> [Work item]: Starting at the line that contains "Photo: AFP Usain", write out every line through the end of the records exactly as it stands, and leave out all pictures.

> [Material for the task]:
= = = =

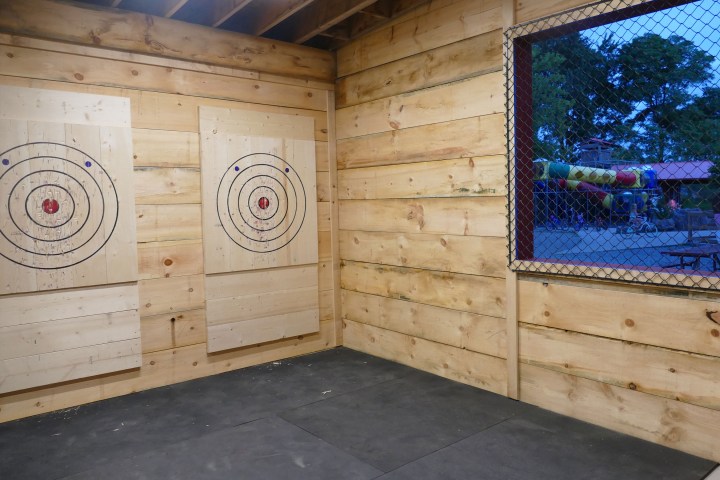 Indoor axe throwing range with two wooden targets and window showing outdoor scene.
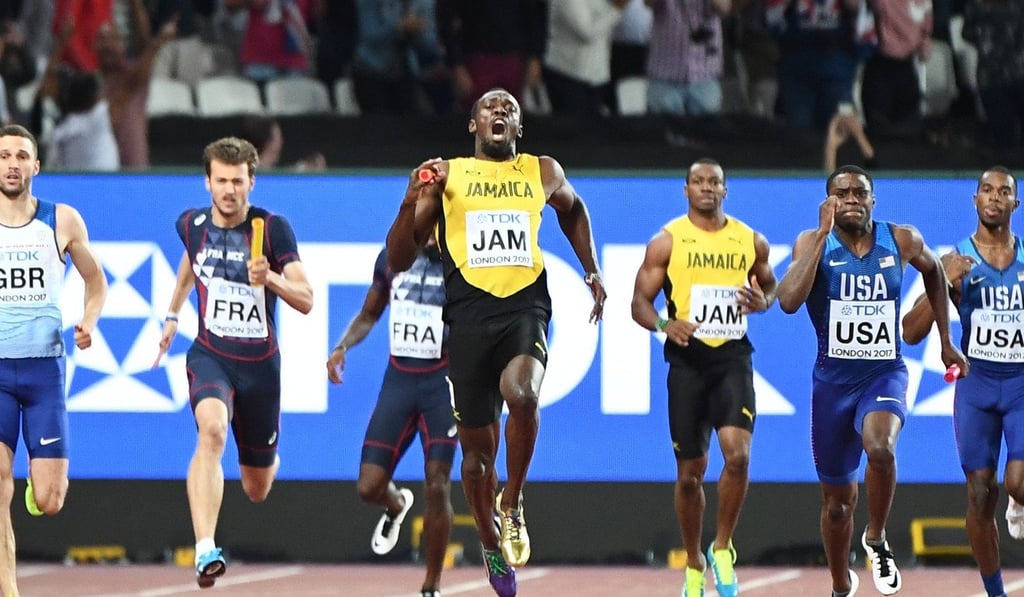Usain Bolt (centre) grimaces in pain after pulling up with an injury. Photo: AFP Usain Bolt (centre) grimaces in pain after pulling up with an injury. Photo: AFP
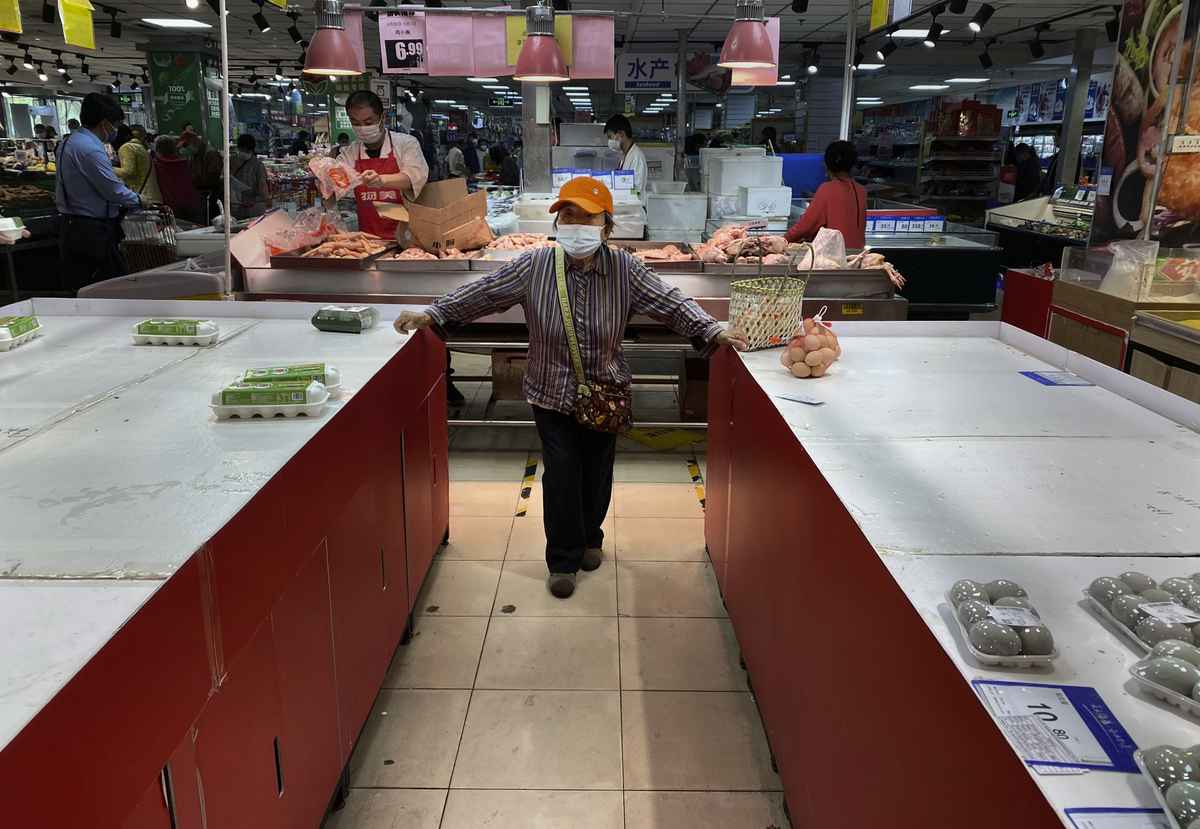 2022年4月25日，在北京朝陽區的一家超市，一名婦女站在幾乎雞蛋都被完後，空蕩蕩的貨架之間。（Kevin Frayer/Getty Images）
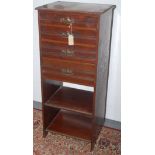An Edwardian mahogany music cabinet, with four graduated drawers above two open shelves,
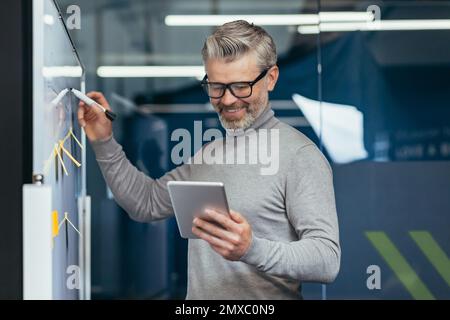 Ein erwachsener Mann im Büro neben dem Whiteboard mit farbigen Notizen, die Strategie und Geschäftsplan aufschreiben, ein grauhaariger Geschäftsmann mit Tablet-Gedanken bei der Arbeit im Büro, der mit dem Ergebnis zufrieden lächelt. Stockfoto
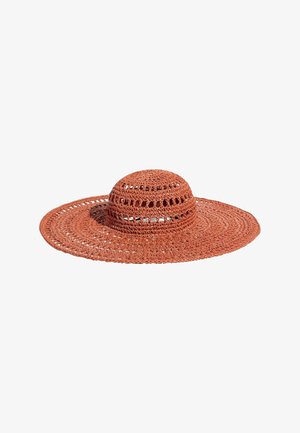 Plataus kraštelio, rūdžių spalvos nertinė saulės kepurė su apskritais raštais ir mažomis atviromis mezginio detalėmis aplink karūną.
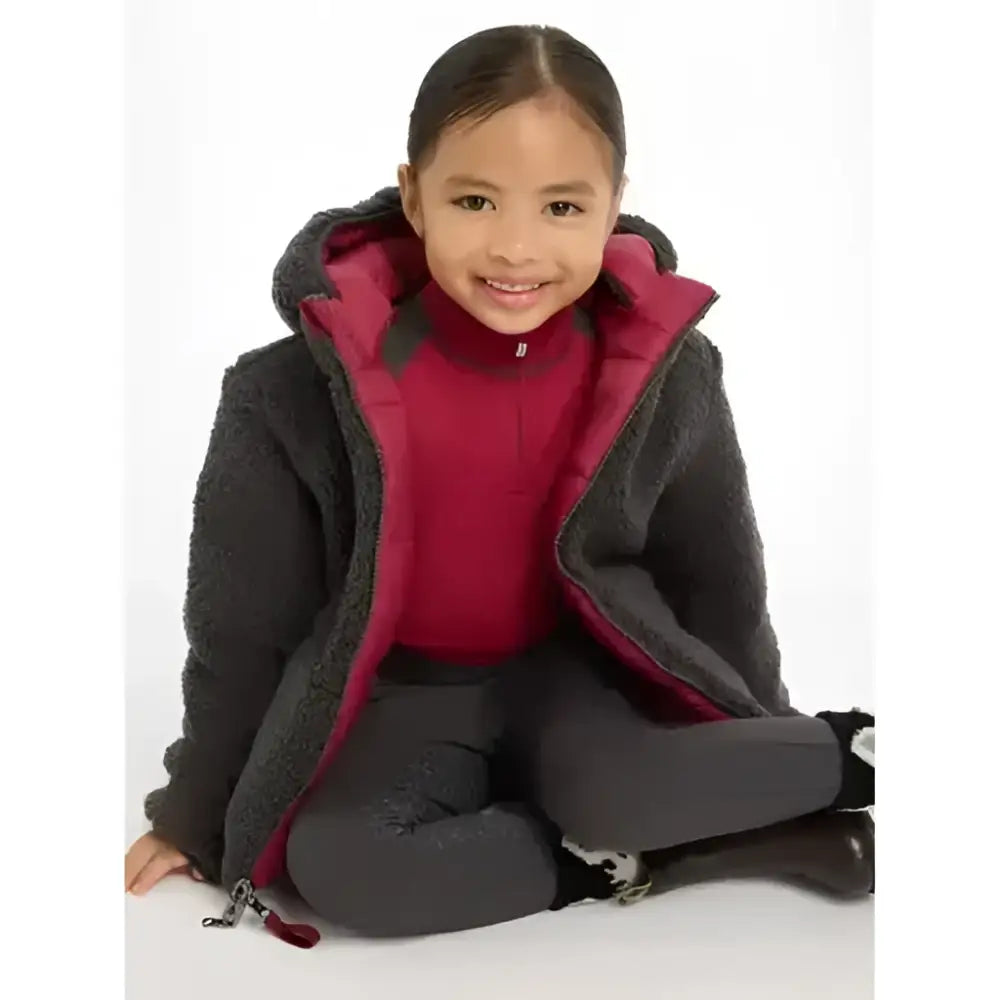 A child wearing a dark gray plush lined lemieux mini megan reversible puffer ember with vibrant magenta interior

= = = =

> [Response]:
Usain Bolt (centre) grimaces in pain after pulling up with an injury. Photo: AFP Usain Bolt (centre) grimaces in pain after pulling up with an injury. Photo: AFP
 2022年4月25日，在北京朝陽區的一家超市，一名婦女站在幾乎雞蛋都被完後，空蕩蕩的貨架之間。（Kevin Frayer/Getty Images）
An Edwardian mahogany music cabinet, with four graduated drawers above two open shelves,
 Ein erwachsener Mann im Büro neben dem Whiteboard mit farbigen Notizen, die Strategie und Geschäftsplan aufschreiben, ein grauhaariger Geschäftsmann mit Tablet-Gedanken bei der Arbeit im Büro, der mit dem Ergebnis zufrieden lächelt. Stockfoto
 Plataus kraštelio, rūdžių spalvos nertinė saulės kepurė su apskritais raštais ir mažomis atviromis mezginio detalėmis aplink karūną.
 A child wearing a dark gray plush lined lemieux mini megan reversible puffer ember with vibrant magenta interior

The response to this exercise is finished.